ROCm / HIP

HIP: C++ Heterogeneous-Compute Interface for Portability
https://rocmdocs.amd.com/projects/HIP/
MIT License
3.71k stars 528 forks source link

[Feature]: Out of Order Streams #3454

Closed hdelan closed 5 months ago

hdelan commented 5 months ago

Suggestion Description

It is my understanding that hipStream_ts are implemented on top of out of order HSA queues. I wish to use out-of-order execution of kernels in HIP, and to do so I must use multiple hipStream_ts. Since the in-order-ness of hipStream_ts are emulated from out of order HSA queues, there is a lot of scheduling in the HIP runtime that I do not want or need for my application.

It would be great if HIP offered an out of order stream extension, which mapped closely to the out of order HSA queues. Using this extension I could avoid a lot of HIP runtime scheduling overhead, especially the overhead that is involved with creating many hipStream_ts.

Operating System

Ubuntu

GPU

MI200

ROCm Component

HIP

cjatin commented 5 months ago

Hey Hugh,

Are you looking for something like this: https://rocm.docs.amd.com/projects/hipfort/en/docs-6.0.0/doxygen/html/interfacehipfort_1_1hipextlaunchkernel.html#:~:text=associated%20synchronization%20rules.-,%5Bin%5D,of%20hipExtAnyOrderLaunch%2C%20signifies%20if%20kernel%20can%20be%20launched%20in%20any%20order.,-Returns

hdelan commented 5 months ago

Hi @cjatin thanks for the link! That looks exactly like what we are looking for. Is there some documentation on how this works. ie does recording HIP events before and after still work in the usual way?

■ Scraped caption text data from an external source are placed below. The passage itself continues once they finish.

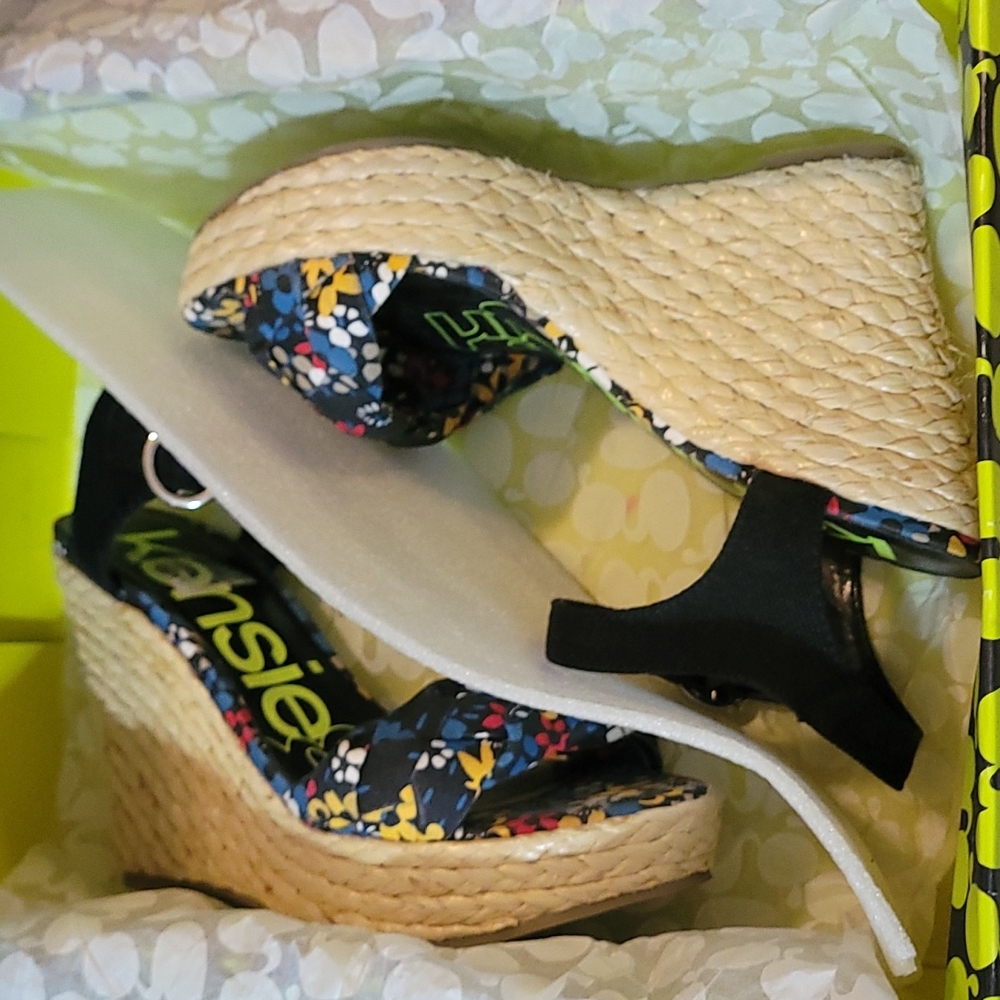 Kensie Girl Wedge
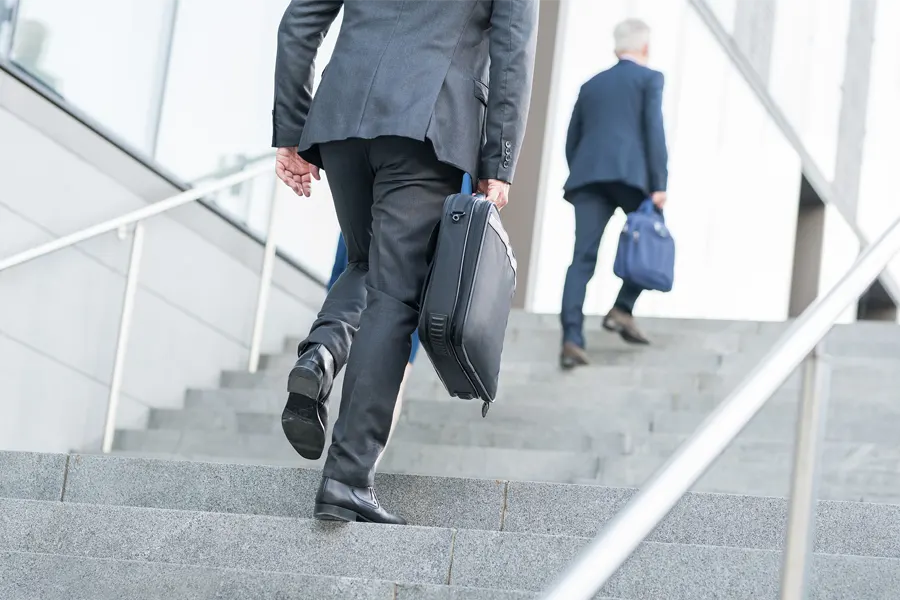 Business bag pánský batoh, který dobře vypadá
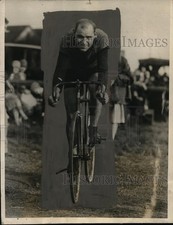 1926 Press Photo Amateur cyclist Stanley Wesalowski at Gaelic Games in Chicago picture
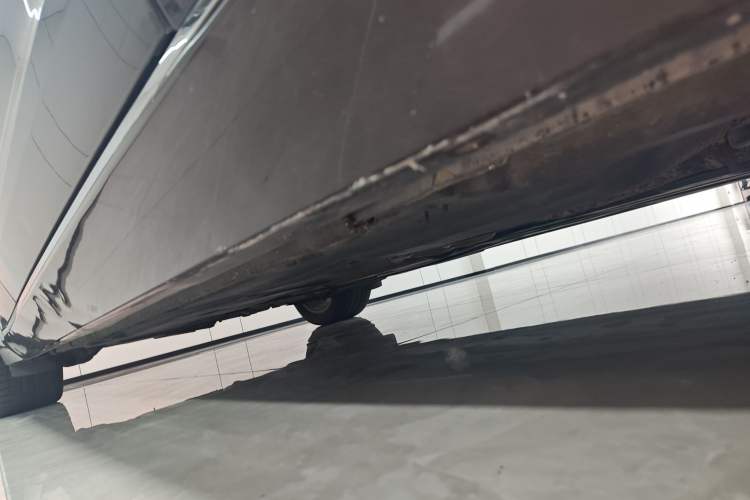 Used Jaguar XFL 2017 XFL 2.0T 240PS Luxury Edition Right Side Sill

cjatin commented 5 months ago

How it works: It only works on Linux AFAIK. It basically does not set the HSA's packet header's barrier bit. Which allows current task to run without waiting for preceding tasks to complete (in the same queue).

Regarding event record, it should not be affected. Although if you do see any issues please let us know.

We do not have a test/proper doc at the moment for this feature, will create a task internally to follow up on this.

hdelan commented 5 months ago

@cjatin I see the API is a bit different as it takes start and end events as well. No further info needed. This is exactly what we want. Thanks for the link!